(Stored items)
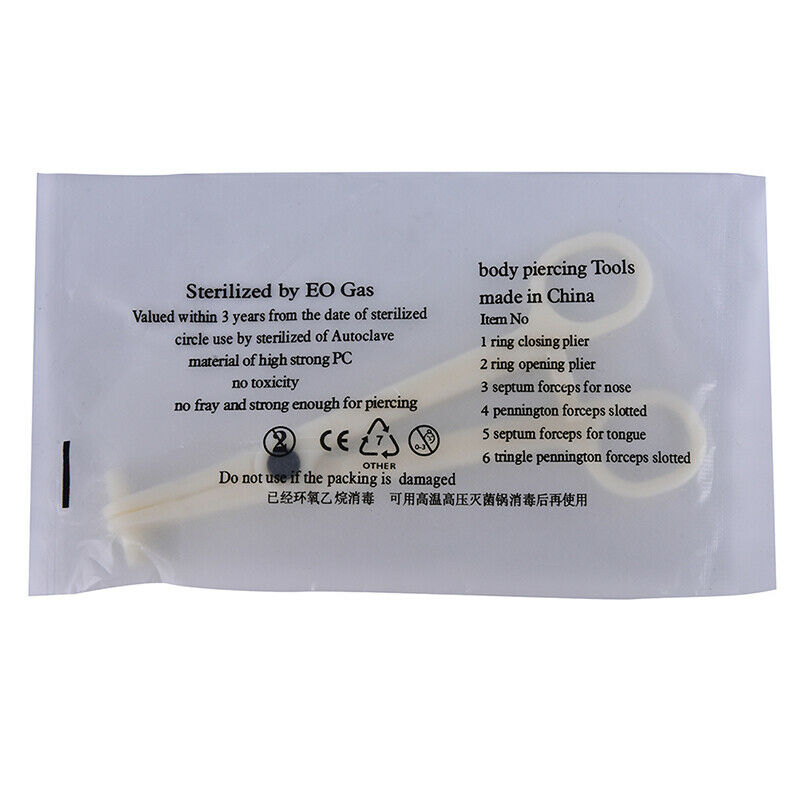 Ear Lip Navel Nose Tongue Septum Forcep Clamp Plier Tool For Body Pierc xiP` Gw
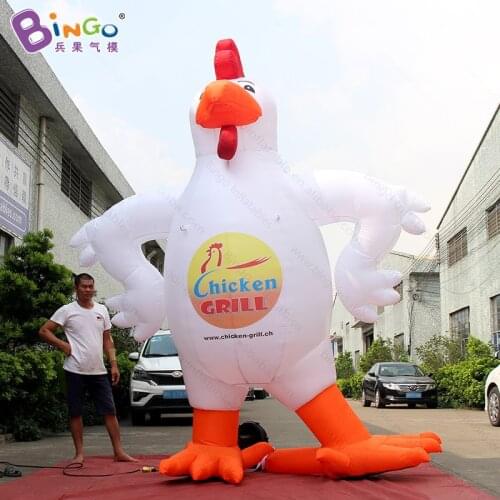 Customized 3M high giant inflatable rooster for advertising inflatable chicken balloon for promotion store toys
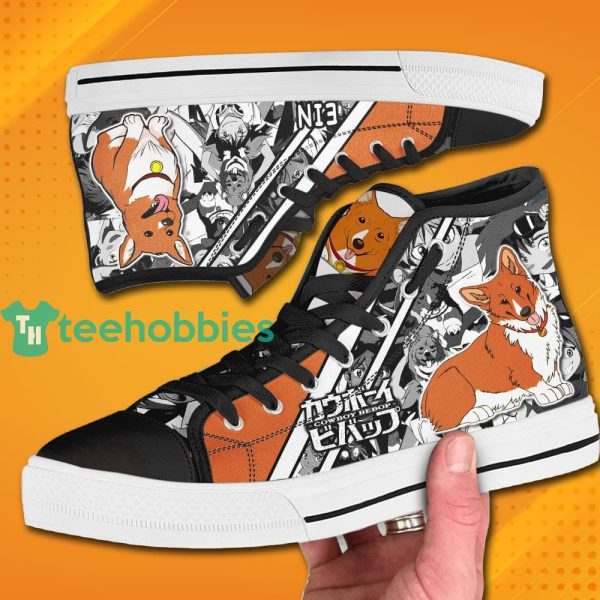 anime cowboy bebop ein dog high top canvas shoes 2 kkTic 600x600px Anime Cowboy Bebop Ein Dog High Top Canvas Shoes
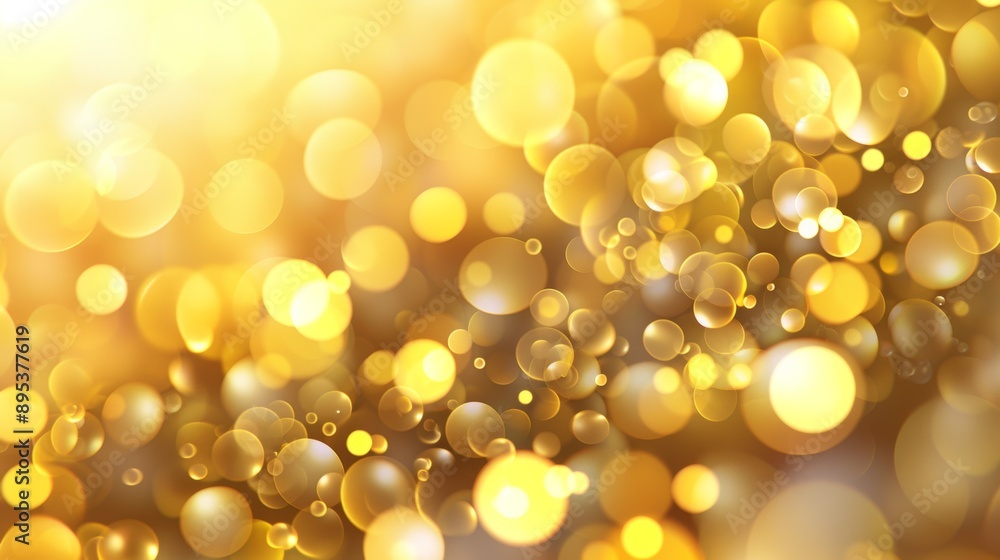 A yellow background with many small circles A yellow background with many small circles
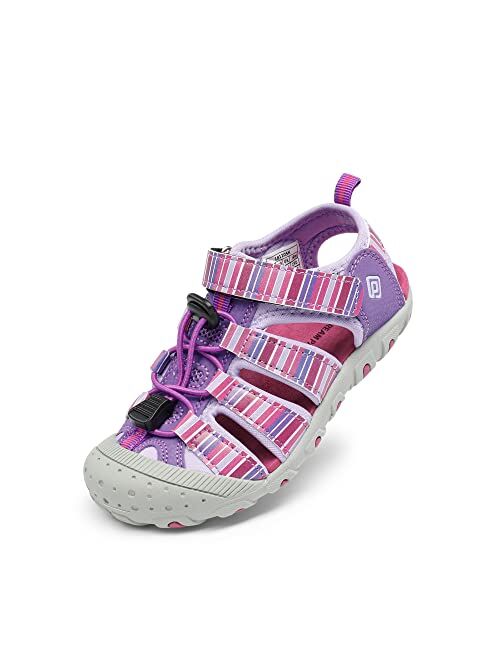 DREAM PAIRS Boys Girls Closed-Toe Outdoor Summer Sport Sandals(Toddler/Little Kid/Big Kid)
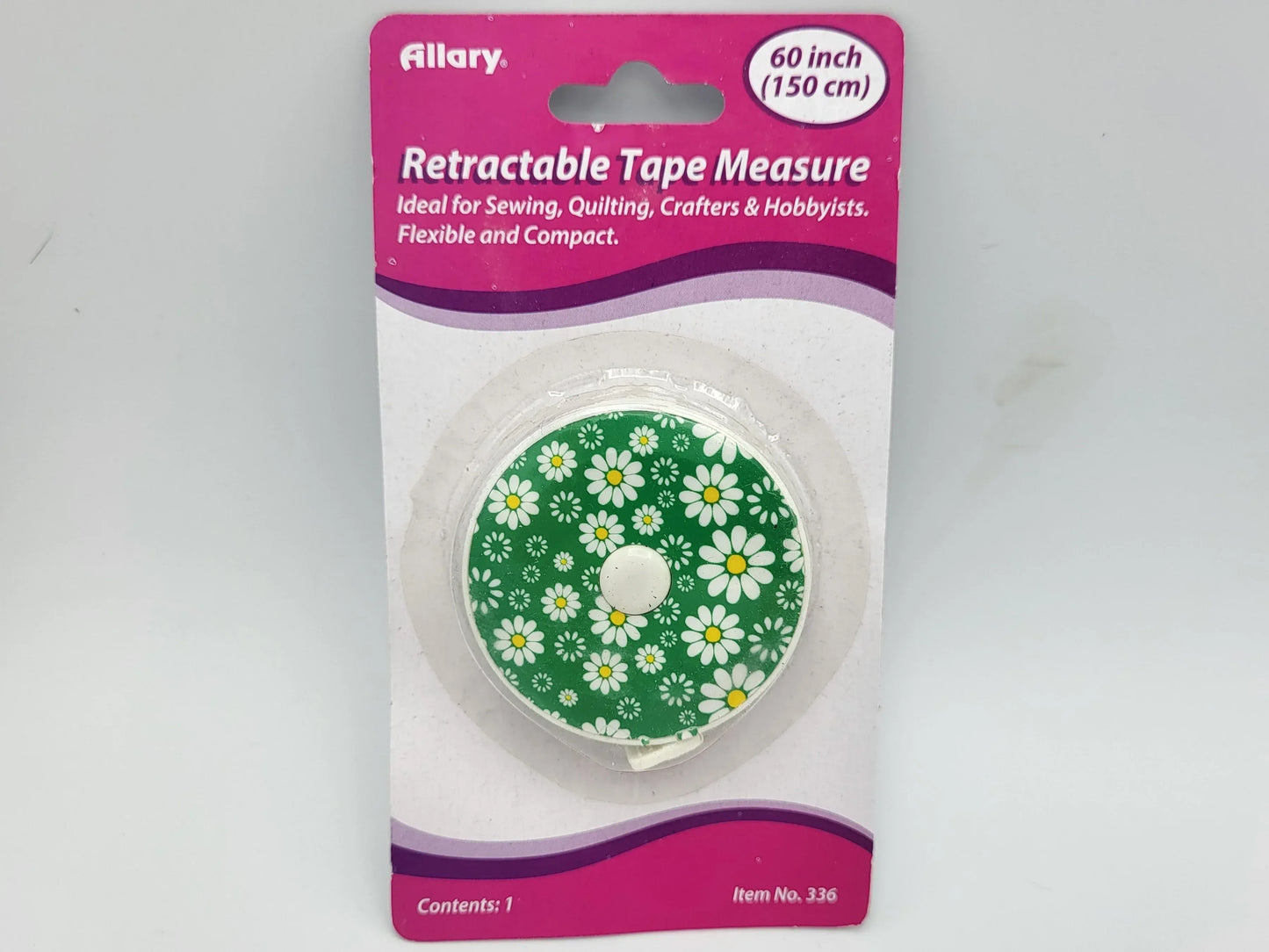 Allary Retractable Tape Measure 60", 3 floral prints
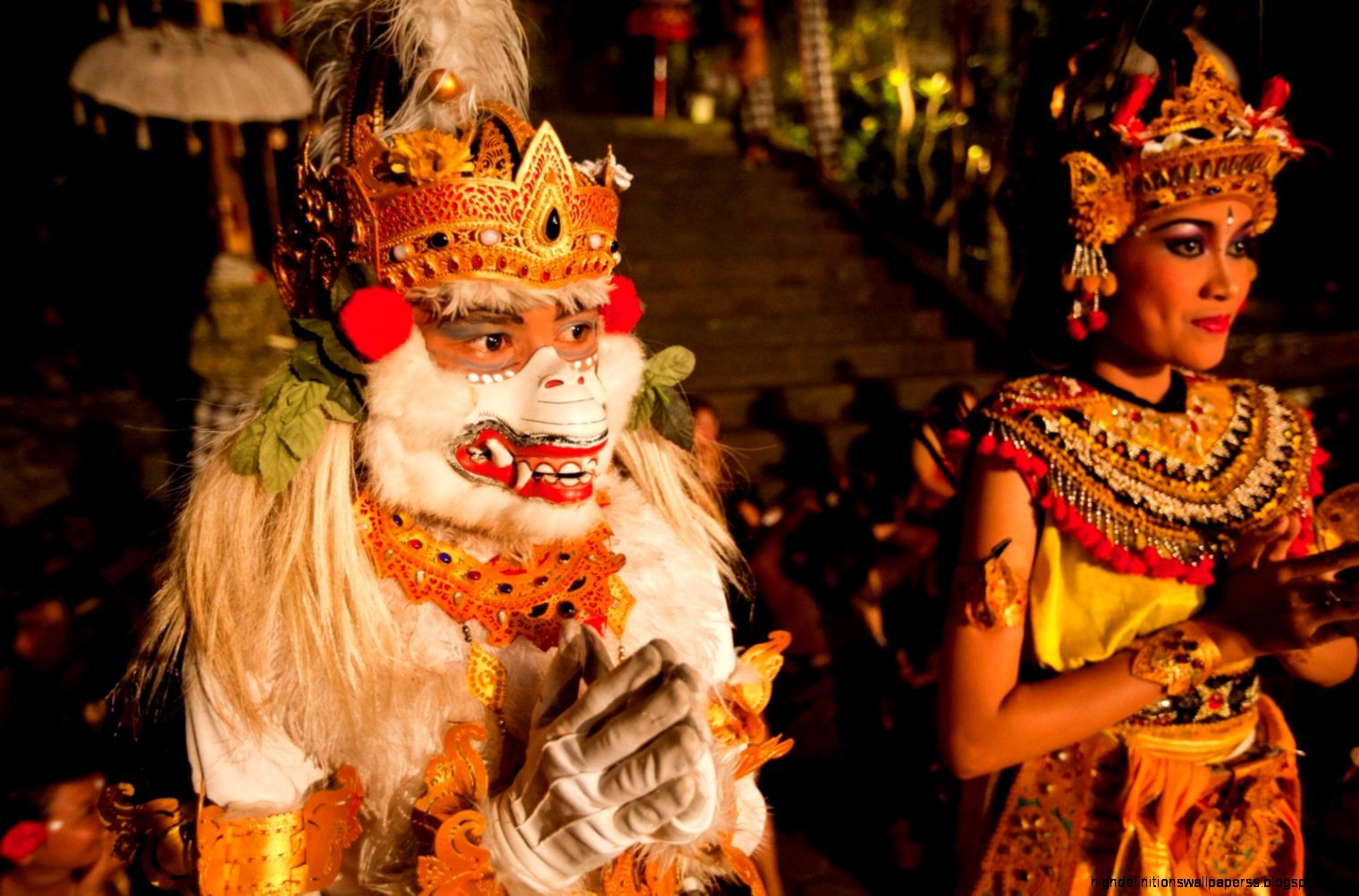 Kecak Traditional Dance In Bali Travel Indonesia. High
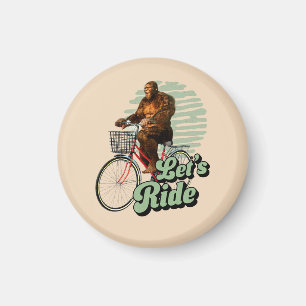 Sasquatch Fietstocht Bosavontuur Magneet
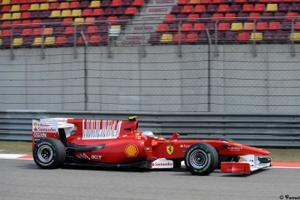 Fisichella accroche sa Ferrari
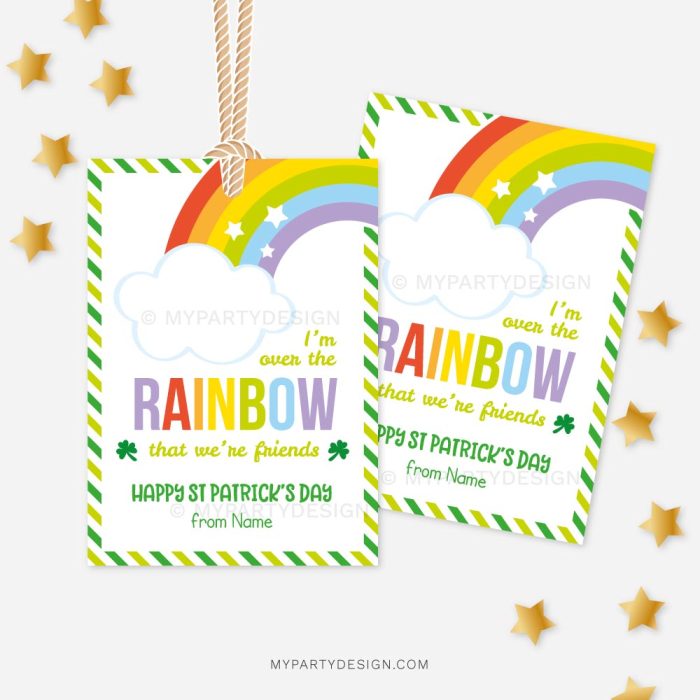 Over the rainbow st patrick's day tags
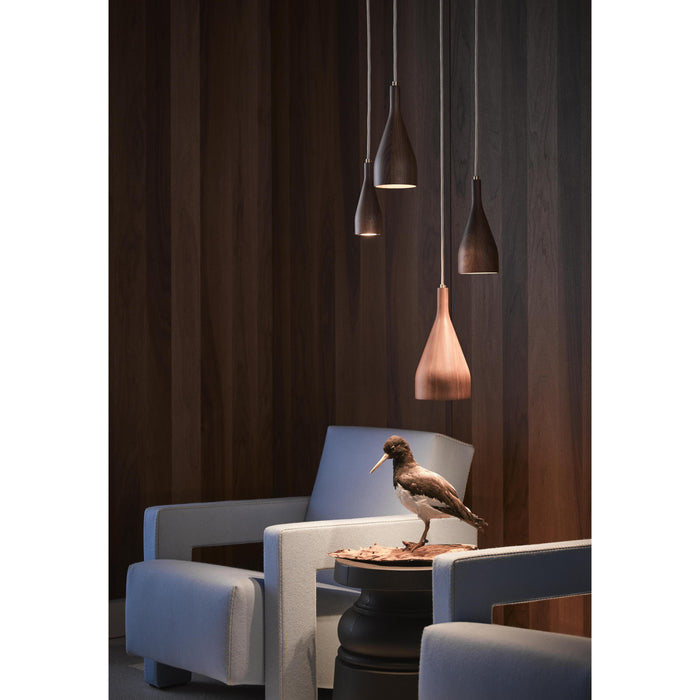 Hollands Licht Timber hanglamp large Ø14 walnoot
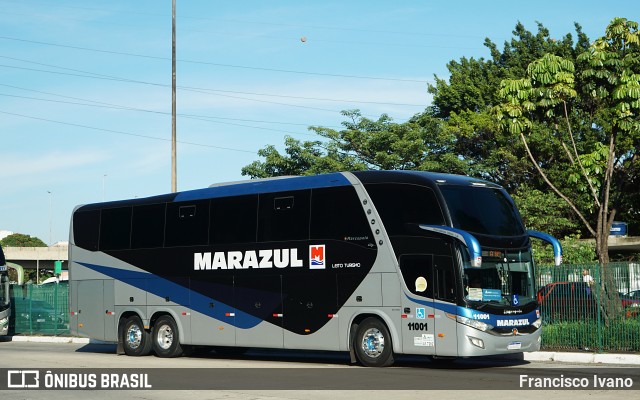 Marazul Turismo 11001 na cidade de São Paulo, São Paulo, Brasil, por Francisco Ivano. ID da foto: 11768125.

Required work -> The result should be an exact copy of only the lines above from the one that holds "Sasquatch Fietstocht Bosavontuur Magneet" through the one that holds "Hollands Licht Timber", both ends included, without pictures.

Your response ->
 Sasquatch Fietstocht Bosavontuur Magneet
 Fisichella accroche sa Ferrari
 Over the rainbow st patrick's day tags
 Hollands Licht Timber hanglamp large Ø14 walnoot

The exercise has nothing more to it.